Don’t do crime. Or do, I’m not your mom, you face the consequences of the legal system if you wish. I’d recommend you don’t, but I can’t make ya.
Disclaimer: I know this thing is based on a true story, but I will not base my review on how perfectly accurate to the real situation it may or may not be, but I will instead judge it as a show… which it is. Disclaimer over.
Ladies, gents, and non-binaries… “Black Bird”.
After getting sent to prison to serve a ten year sentence, drug dealer Jimmy Keene (Taron Egerton) makes a deal with the FBI to befriend a suspected serial killer (Paul Walter Hauser) in order to hopefully get information on the locations of the victims. And so we follow Jimmy taking a dive into murky water as he works to befriend the suspect, along with trying to stay alive within the prison system. All the while a detective (Greg Kinnear) tries to solve the case on the outside. “Black Bird” is a slow burn drama, a believably gritty and unsettling descent into darkness, exploring the depths of human depravity and what that can do to seemingly normal people who get drawn into it. It’s a compelling six episode run, a little too slow in moments, but for the most part it’s well paced and quite riveting and got so deep in the murky waters that it made me feel like I needed to scrub myself off on multiple occasions. It’s dark, it’s nuanced, it’s haunting, it’s a great story.

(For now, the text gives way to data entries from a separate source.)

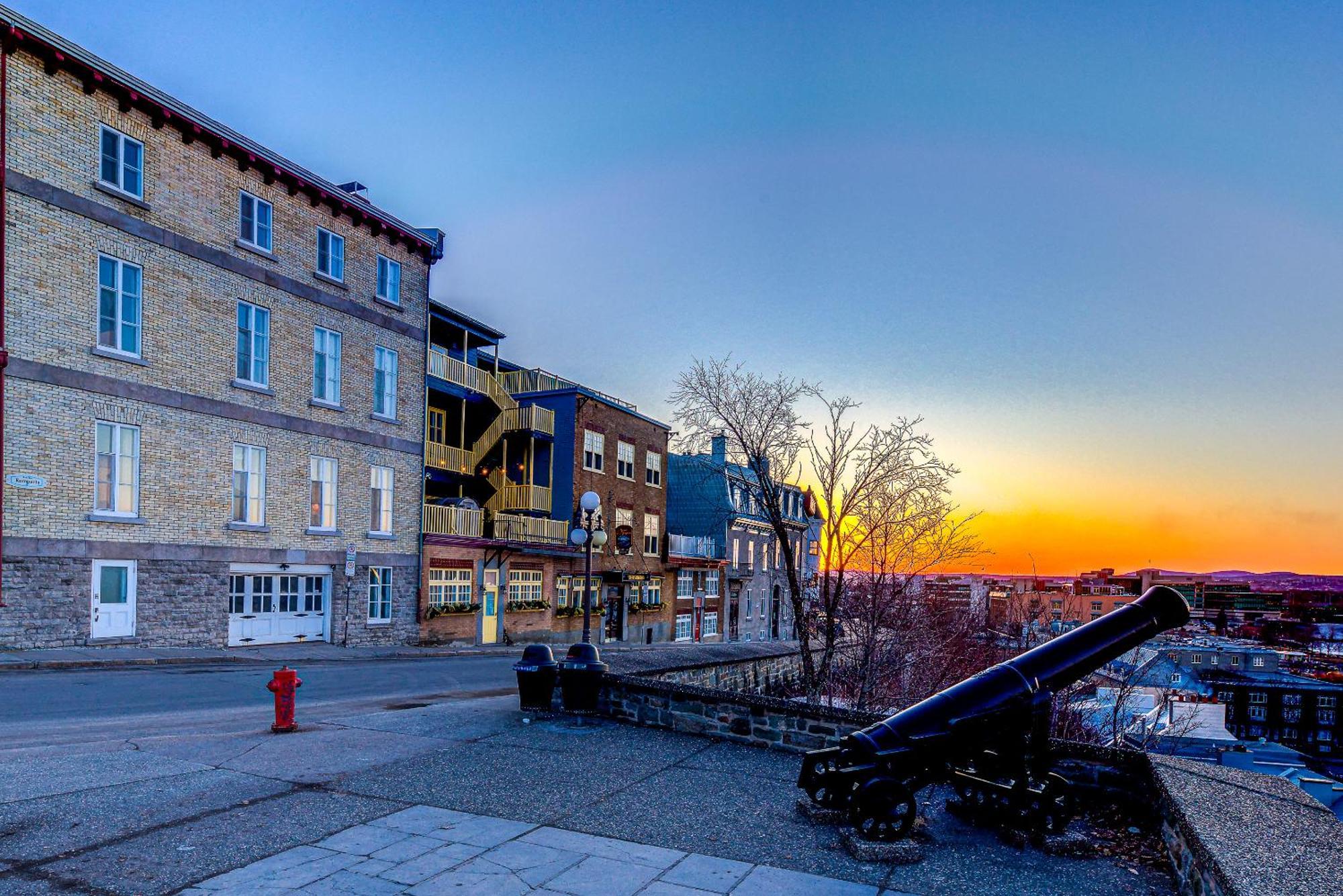 North House - Hotel Automatise Manoir Des Remparts ควิเบกซิตี้ ภายนอก รูปภาพ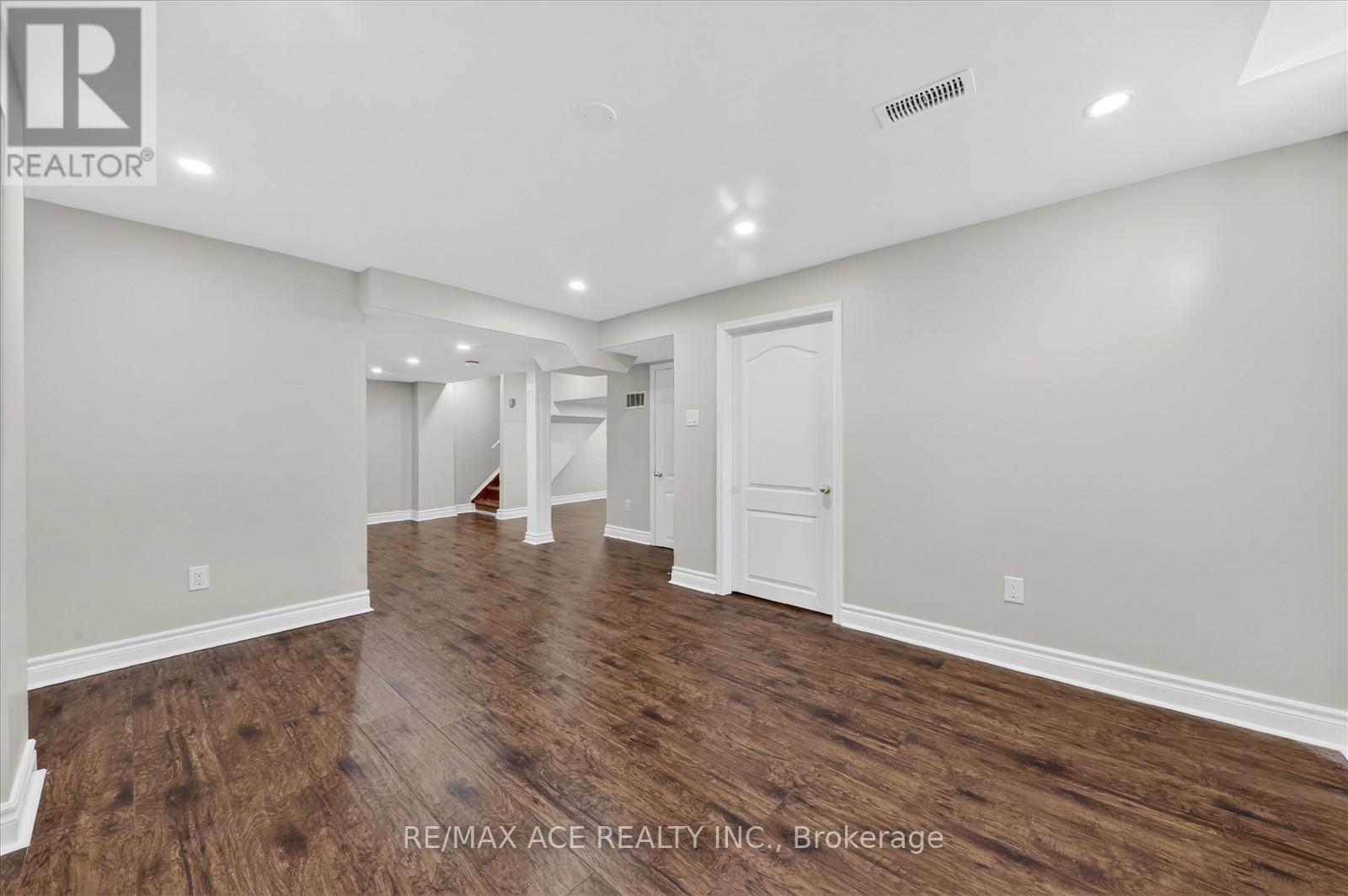 42 FEATHER REED WAY - 36
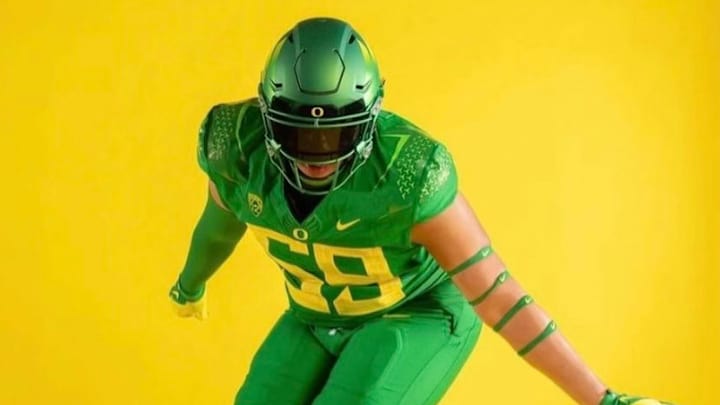 2023 Offensive Lineman Micah Bañuelos Includes Oregon in Final Three Schools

The characters in this are all quite interesting, believably flawed and written with enough layers to make them feel real. Taron Egerton plays Jimmy Keene, a cocky, womanizing drug dealer who has to eat a bit of humble pie when he’s arrested. I like having him as a protagonist because he’s a charming asshat, a twat that has enough charisma to keep me from totally hating him. It makes for some compelling drama, as he is a bit unlikable at times. And Egerton is great in the role, especially in the last two episodes where he truly gets to flex his chops. Next is Paul Walter Hauser as Larry Hall, a seemingly timid, kind of odd man who’s the suspect that Jimmy has to befriend. He’s a really fascinating character in ways that are hard to explain without giving away things, but they do some really interesting stuff with his development and I always found engaging. And Hauser is great in the role. The rest of the cast is great too, containing people like Ray Liotta (R.I.P), Greg Kinnear, Sepideh Moafi, Robert Wisdom, Tony Amendola, Robyn Malcolm, and more.

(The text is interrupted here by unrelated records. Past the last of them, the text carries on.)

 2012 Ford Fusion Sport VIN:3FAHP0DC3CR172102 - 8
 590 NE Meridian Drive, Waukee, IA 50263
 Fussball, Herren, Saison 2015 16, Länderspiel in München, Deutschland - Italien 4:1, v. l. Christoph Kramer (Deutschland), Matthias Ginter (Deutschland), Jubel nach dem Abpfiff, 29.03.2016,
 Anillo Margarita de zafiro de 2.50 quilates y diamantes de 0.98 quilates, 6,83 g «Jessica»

The score for the show was composed by ambient rock band Mogwai, and hoooooo I loved what they did here. Utilizing some piano, synths, and guitars, they create this unsettling and emotionally rich atmosphere that really added so much to the show, along with being pure ear candy. There are also a handful of licensed songs used throughout and I think they work quite well in their respective scenes.
Based on a book by James Keene and Hillel Levin called “In With the Devil”, “Black Bird” was developed for Apple TV+ by Dennis Lehane (my favorite author), with writing by him and a few others, and directing divided between Michaël Roskam, Joe Chappelle, and Jim McKay. I really dug the way this was crafted, giving the show a grimy, borderline claustrophobic feel, even in scenes set outside of the prison. The crew somehow find ways of making sure no scenes ever really feels safe, bringing an oppressive atmosphere that really brought me into the darkness in a really eerie and strong way.

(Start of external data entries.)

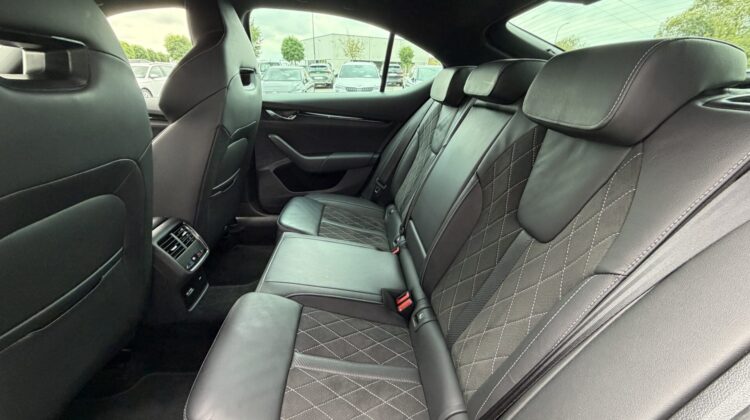 Octavia Limo 2,0TDi RS 4×4 19″ AHK Leder Standheizung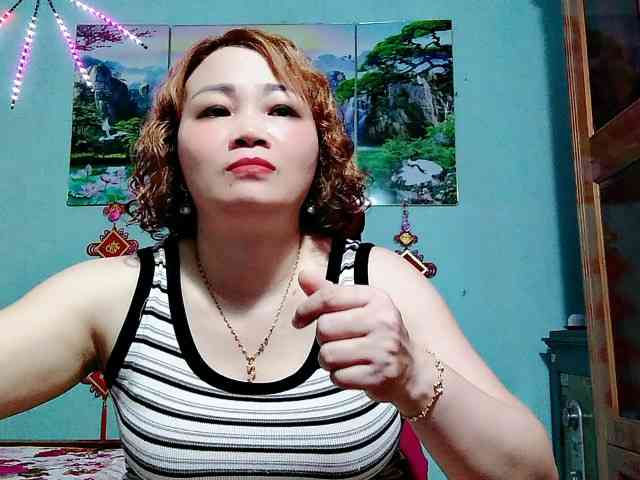 Linhanhsex2k webcam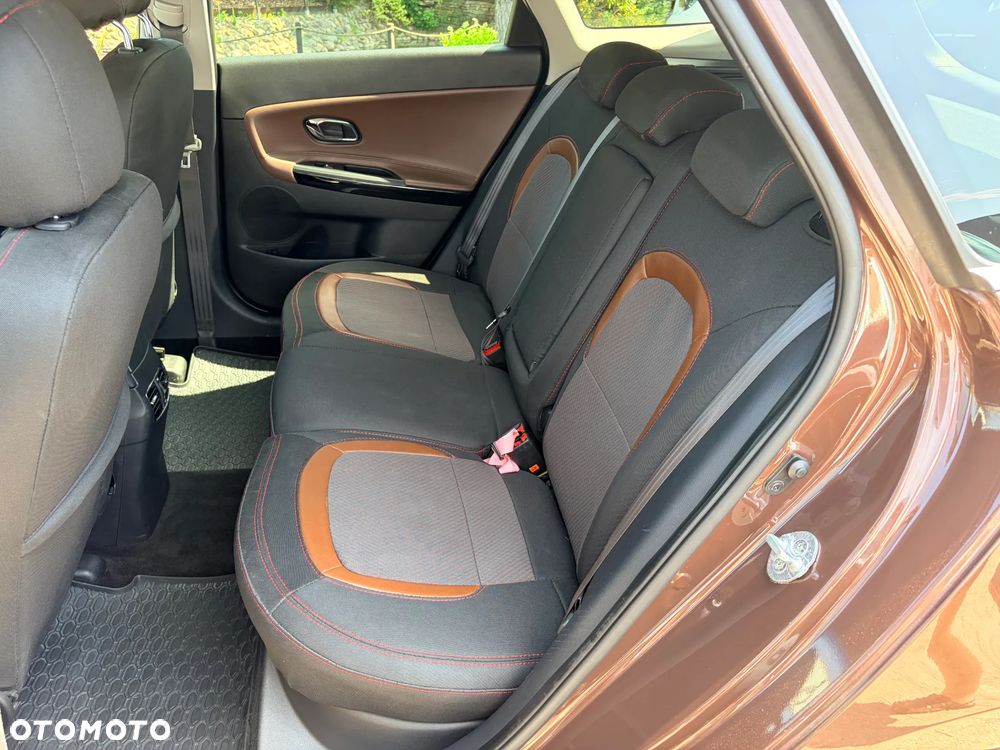 Kia Ceed 1.6 CRDi M - 8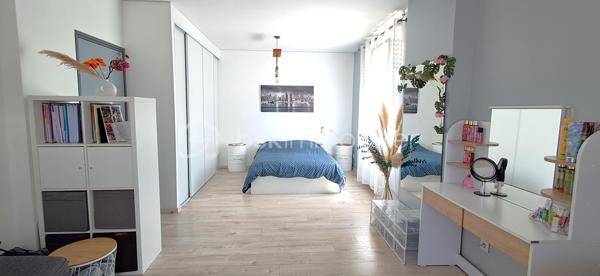 A Alès, Capitale des Cévennes, Proche de l'Ecole des Mines, Lycée, Collège, transports et commodités. Je vous propose cette charmante maison alliant charme et fonctionnalité. Elle est composée à l'étage de 3 chambres climatisées de 16, 21 et 25 m² (dont une chambre parentale avec salle d'eau et dressing et une avec balcon, grands placards). 1 salle de bain et 1 WC séparé. Dès l'entrée, vous serez charmés par les volumes et la clarté. Cuisine récente, équipée et aménagée, ouverte sur le séjour (30 m²). Salon de 24 m2 pour vos moments de détente. 1 salle d'eau avec WC au rez-de-chaussée. 1 Garage, 1 cave. Portail électrique. Terrain clos et arboré de 434 m². Chaudière à pellet. Double vitrage avec fenêtres oscillo-battantes. Nombreux rangements. Pas de travaux à prévoir ! Cette maison vous charmera !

This show has been well received. On Rotten Tomatoes it has a 97% positive rating and a “Fresh” certification. On Metacritic it has a score of 80/100. And on imdb.com it has a score of 8.1/10.
“Black Bird” is an unsettling, really compelling drama series that I can highly recommend. It has a great story, great characters, fantastic performances, great music, and great directing. Time for my final score. *Ahem*. My final score for “Black Bird” is a 9.56/10. Which means it gets a “SEAL OF APPROVAL!”.
My review of “Black Bird” is now completed.